Another stream that led to the Aristotelian revival centered on issues of ontology (what there is). Quine rehabilitated the subject with his essays in the 1940’s, and Roderick Chisholm’s work on the work of Austrian philosopher Franz Brentano (1838–1917) proved a crucial link between the late scholastic Aristotelianism of Brentano’s metaphysics and contemporary analytic philosophy.Here again, Elizabeth Anscombe was a pioneer, whose masterful “Modern Moral Philosophy” issued in 1958 a radical challenge to the entire scope of analytic moral philosophy in her day. Peter van Inwagen defended an explicitly Aristotelian answer (centered on living organisms) to the question of the ontology of the material world in Material Beings (1990), which spurred other developments in the direction of even greater Aristotelian orthodoxy by philosophers like David Oderberg, Anna Marmodoro, Michael Rea, Kathrin Koslicki, and William Jaworski. Variations on Aristotle’s “hylomorphism” (which sees material things as compounds of ‘form’ and ‘matter’) have been proposed by E. J. Lowe, Mark Johnston, and Kit Fine.
At the same time, a comparable revolution in ethics and value theory was taking place. Here again, Elizabeth Anscombe was a pioneer, whose masterful “Modern Moral Philosophy” issued in 1958 a radical challenge to the entire scope of analytic moral philosophy in her day, whether utilitarian, Kantian, or intuitionist. Anscombe’s bombshell triggered the development of the virtue ethics tradition, created by Alasdair MacIntyre (After Virtue, 1984), Philippa Foot (Virtues and Vices, 1979), Julia Annas (1994), John McDowell (Mind and World 1994), Linda Zagzebski, and Rosalind Hursthouse (1999), all of which built upon Aristotle’s virtue-based theory in The Nicomachean Ethics. Most (although not all) of virtue ethics is explicitly Aristotelian in inspiration, with Aristotle’s conception of happiness (eudaemonia) coming into renewed attention, with its foundation in the teleology of human nature—especially in work by Foot (Moral Goodness), MacIntyre (Dependent Rational Animals), and Michael Thompson.

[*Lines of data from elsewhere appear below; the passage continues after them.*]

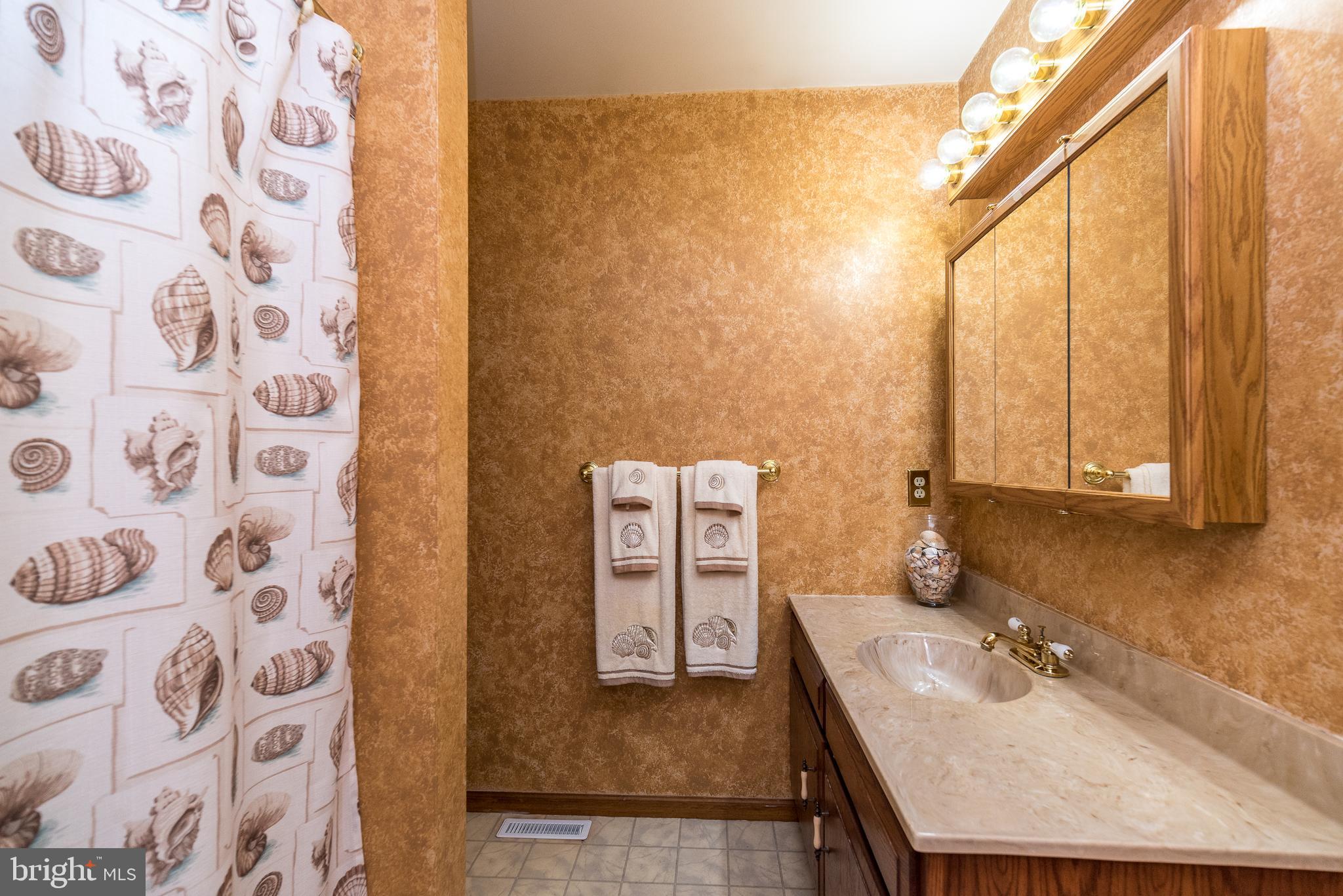 4704 Alisan Road Reading, PA 19606 - Photo 35 of 64 Upstairs Full Bathroom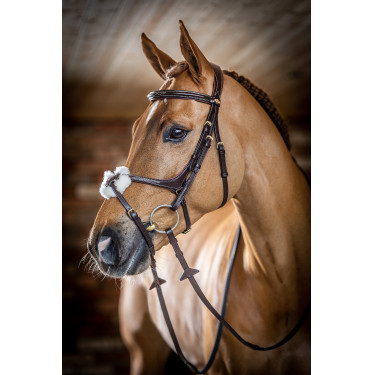 Bridon LeMieux Grackle Havanna Braun
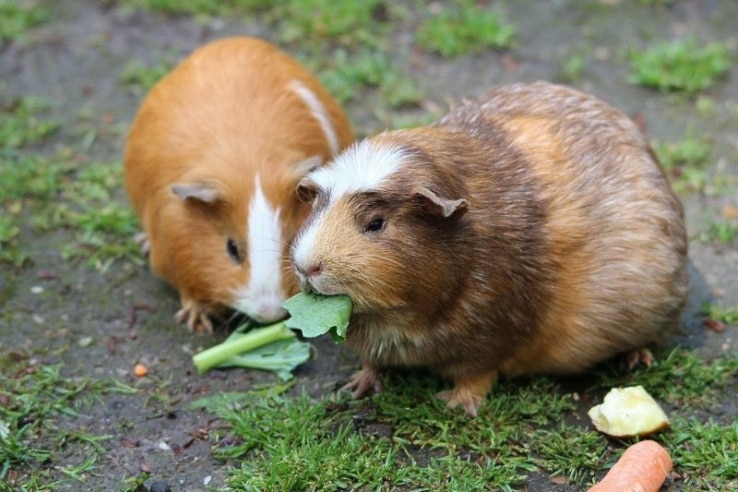 Zwei Meerschweinchen die fressen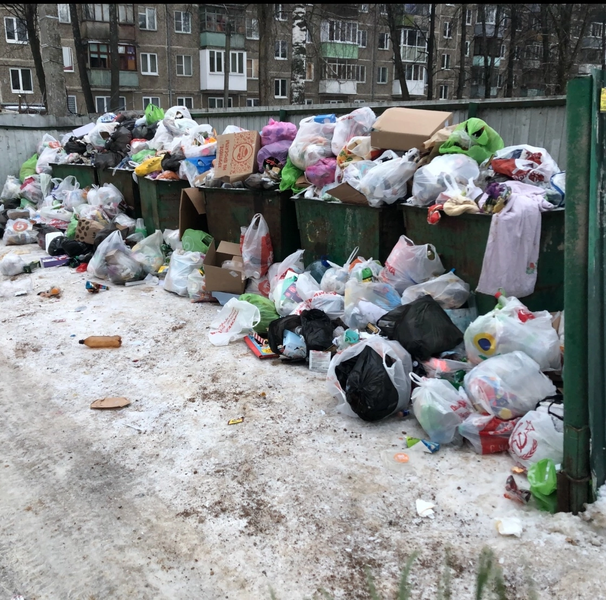 Активист ЛДПР возмущен состоянием мусорных площадок в Костроме в преддверии праздников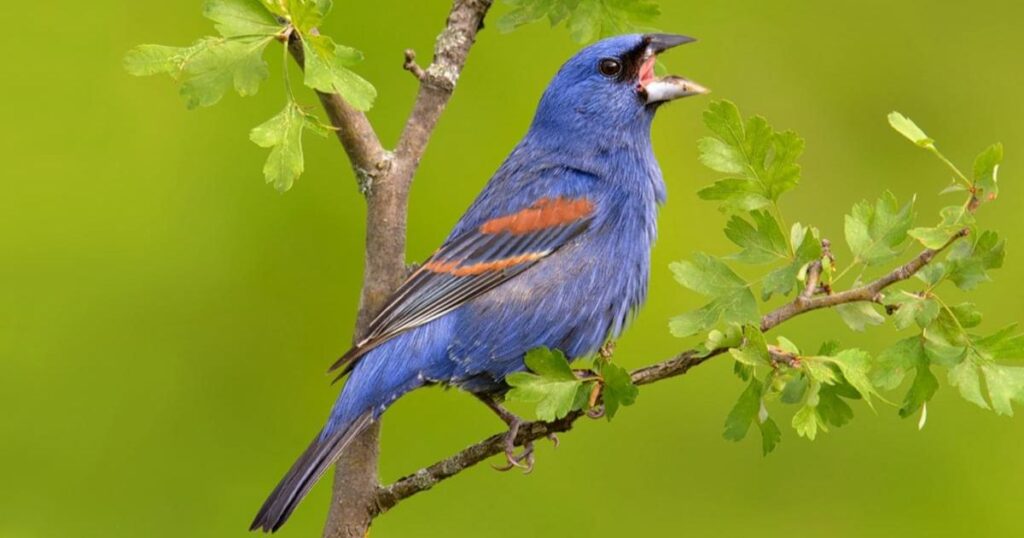 blue grosbeak
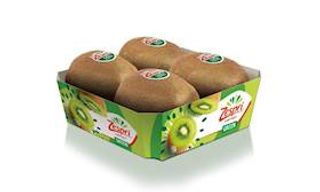 KIWI ZESPRI GREEN X4 GR 500 105/1155/115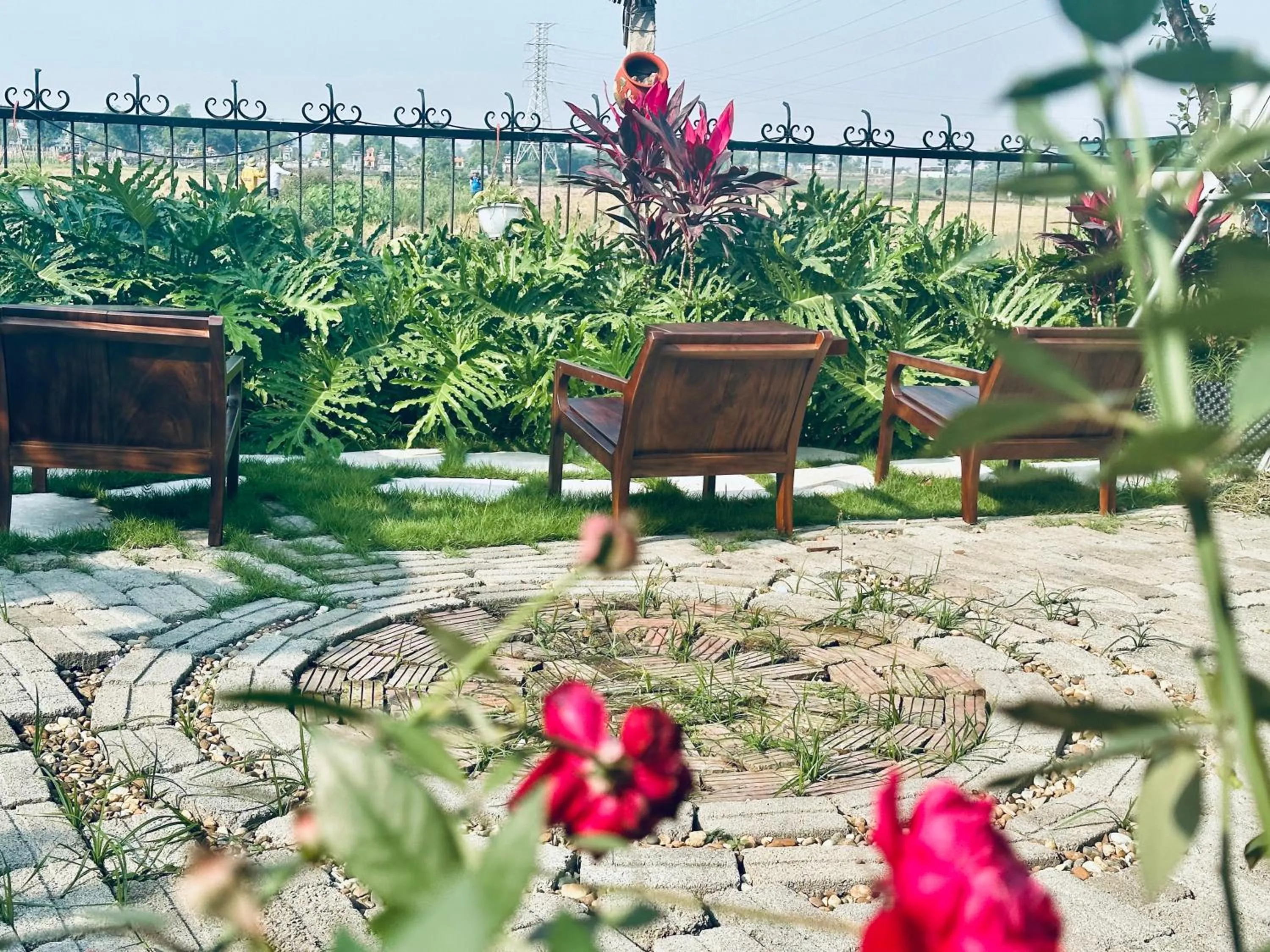 Garden in Daisy's Villa TamCoc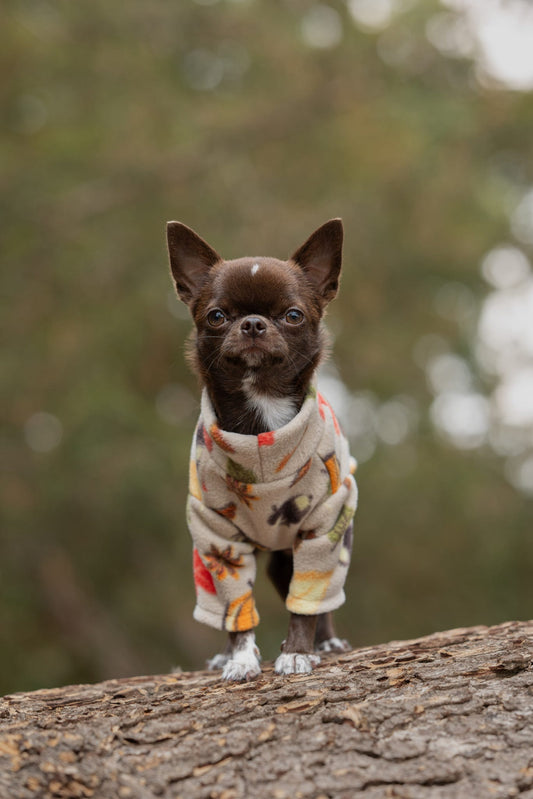 Custom Made | Polar Fleece | Two Legged - Autumn Pumpkin Print
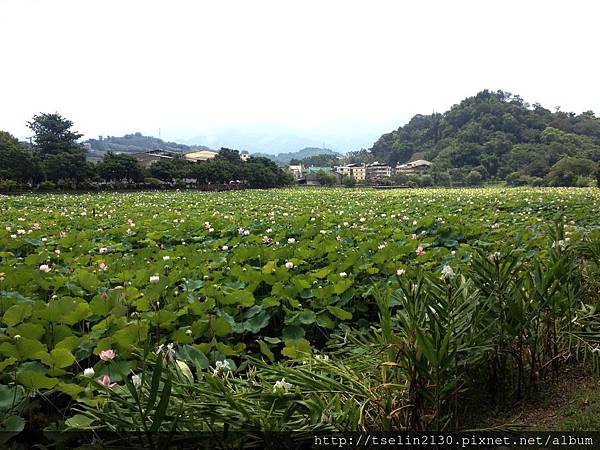 2015-0705 東勢林業文化園區 062.JPG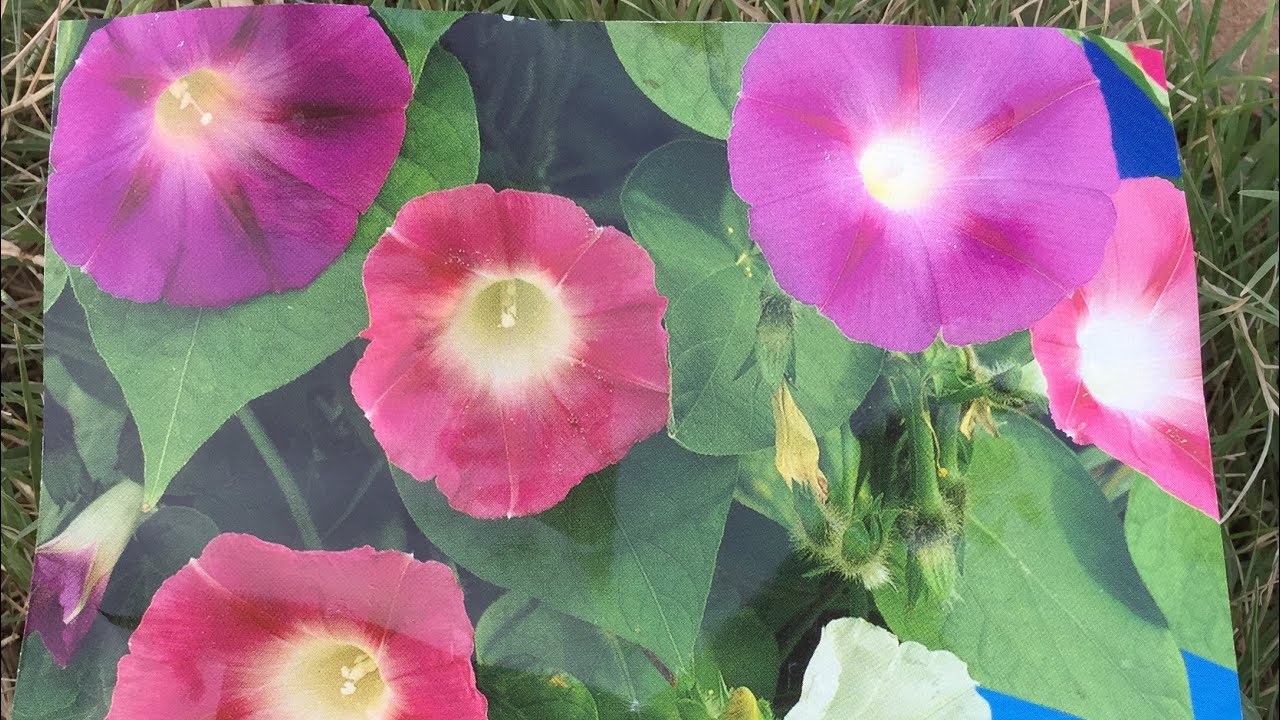 زراعة نبات  مجد الصباح ست الحسن من البذور في المنزل بطريقة بسيطة وسهلة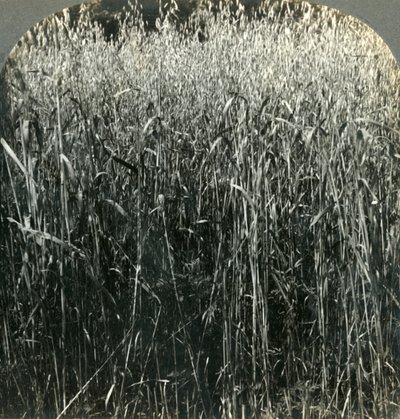 Büyüyen Yulaf, Pensilvanya, ABD, 1903. by Unbekannt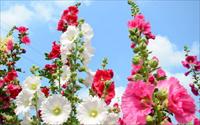 「學甲蜀葵花田」主要建物圖片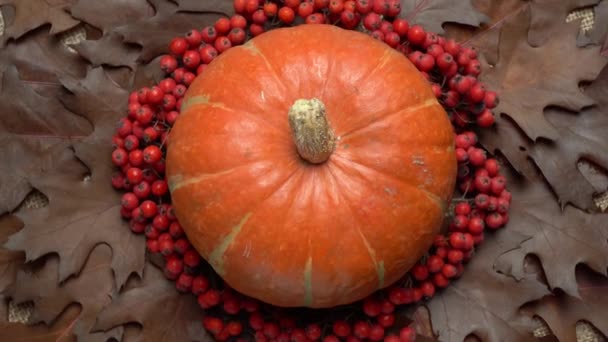 A narancstök, a szeder és az őszi levelek összetétele. Az őszi csendélet csúcspontja. Körforgás. Halloween ünnep. - Felvétel, videó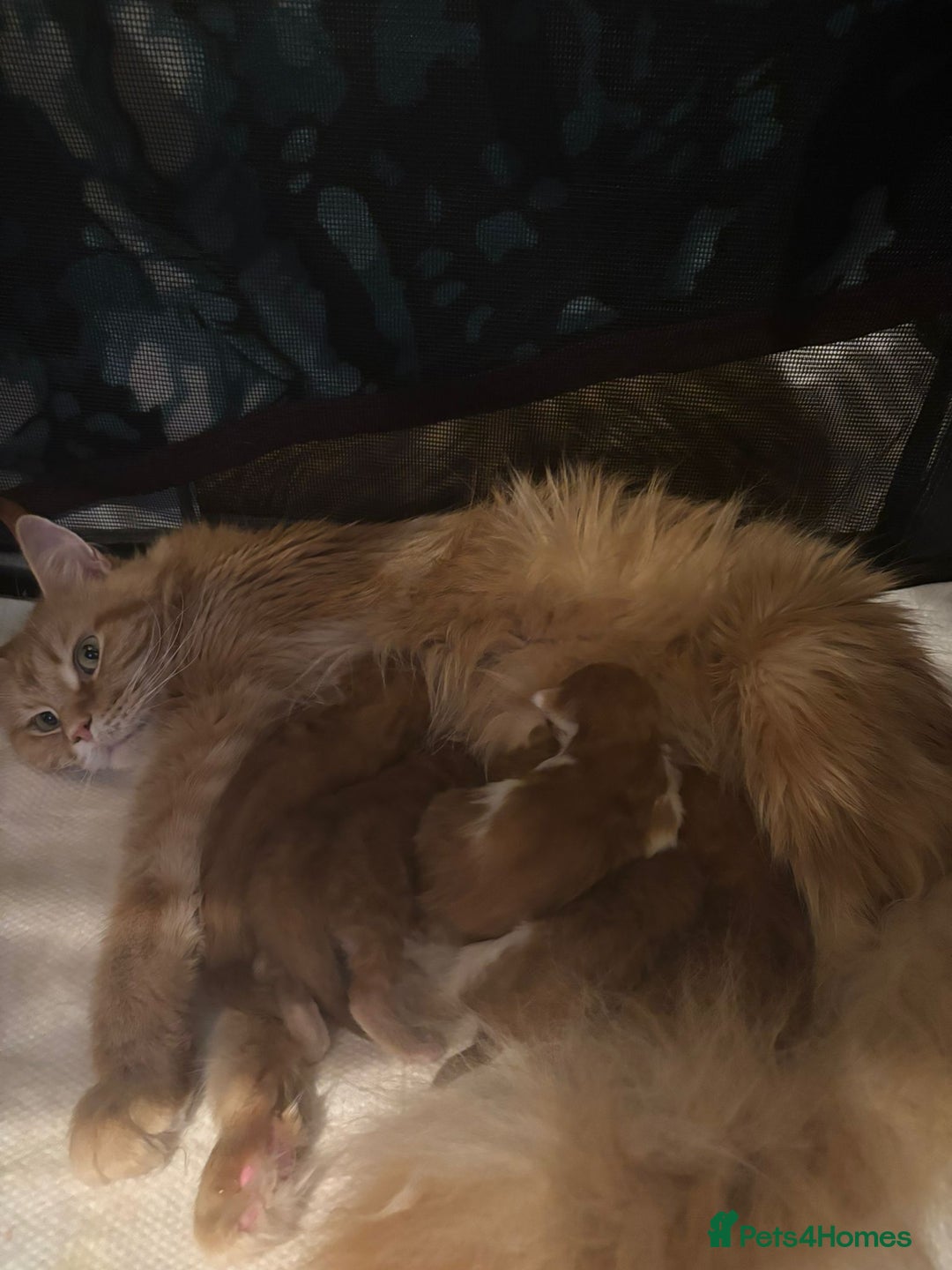 Maine Coon cats for sale: ARIODREAMMAINECOON  - Image 1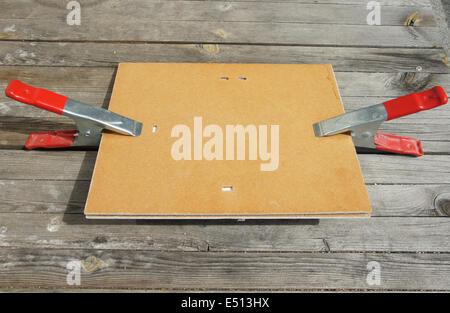 Premendo foglie d'acero Foto Stock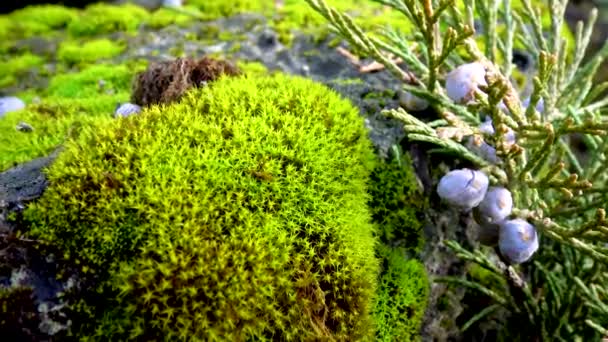 Mossen Zijn Kleine Bloemloze Planten Bryophyta Natuur Oekraïne — Stockvideo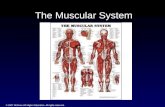 © 2007 McGraw-Hill Higher Education. All rights reserved. The Muscular System.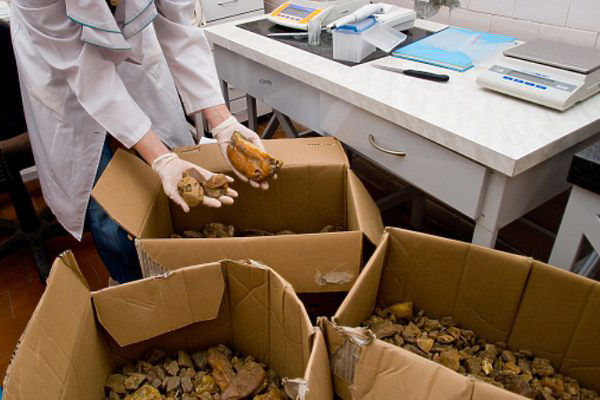O schemă de export ilegal de chihlimbar prin acţiuni de corupere a fost deconspirată.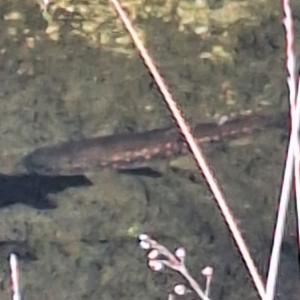 Click to view this image in a large viewer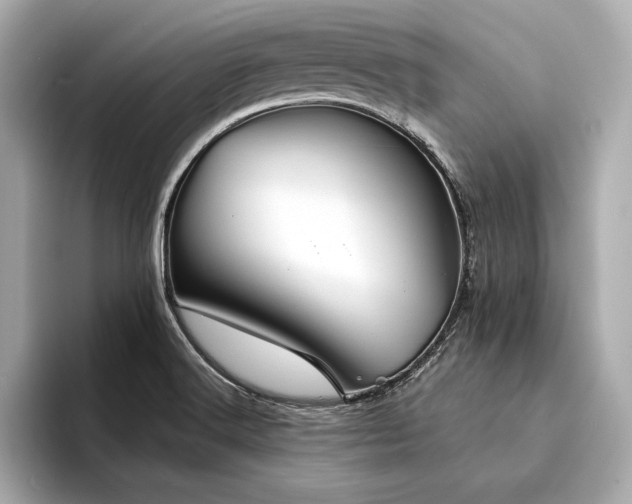 X0000094351516200711021423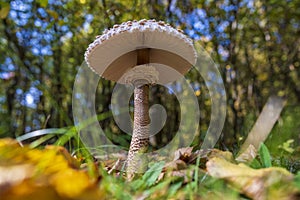 Macrolepiota procera or Lepiota procera mushroom growing in the autumn forest. Beauty with long slim leg with sliding ring and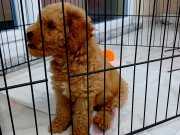 3 aylık, ped eğitimli ,komut eğitimi almış, Toy poodle. 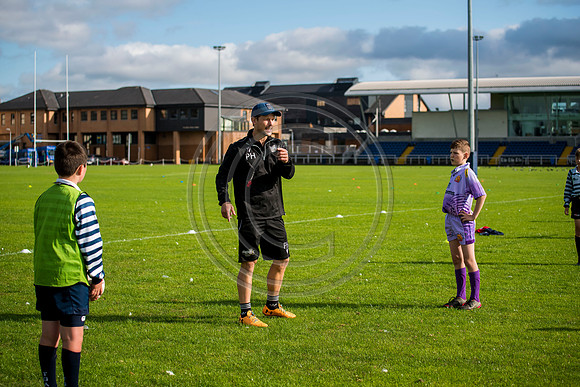 Apex Rugby Academy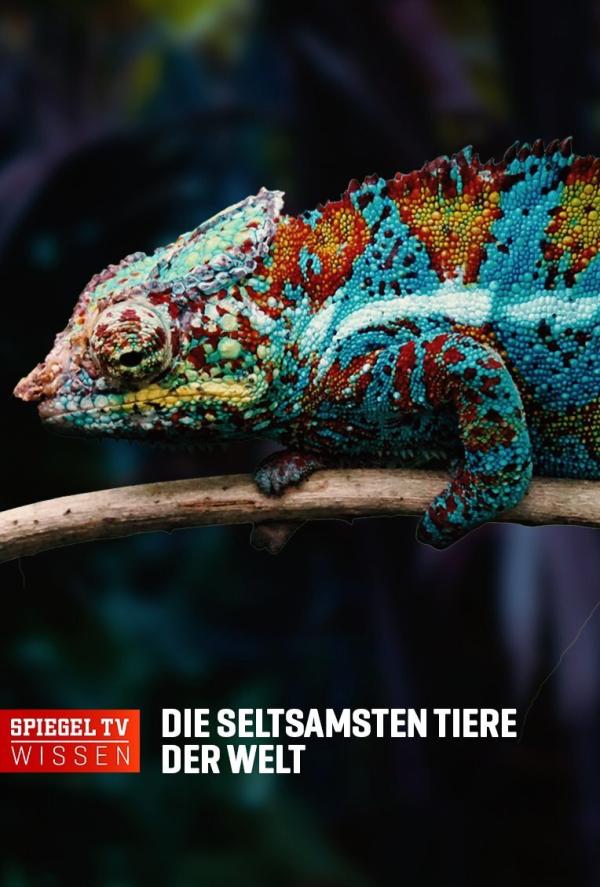 Bild 1 von 2: .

Of course, scholars of Aristotle and the Aristotelian tradition have played an essential role, especially those who were most familiar with issues in contemporary philosophy, such as Jonathan Lear, David Charles, Miles Burnyeat, Montgomery Furth, Theodore Scaltsas, Sarah Broadie, Frank A. Lewis, and Jonathan Barnes. Scholars of Aristotelian scholasticism were also critical, including Peter Geach, Norman Kretzmann, Eleonore Stump, Marilyn M. Adams, Calvin Normore, and Guya Klima. These scholars revealed the great debt that modern science owes to Aristotle and scholasticism and debunked many of the myths about the supposedly dogmatic and rigid tenor of Aristotle’s system.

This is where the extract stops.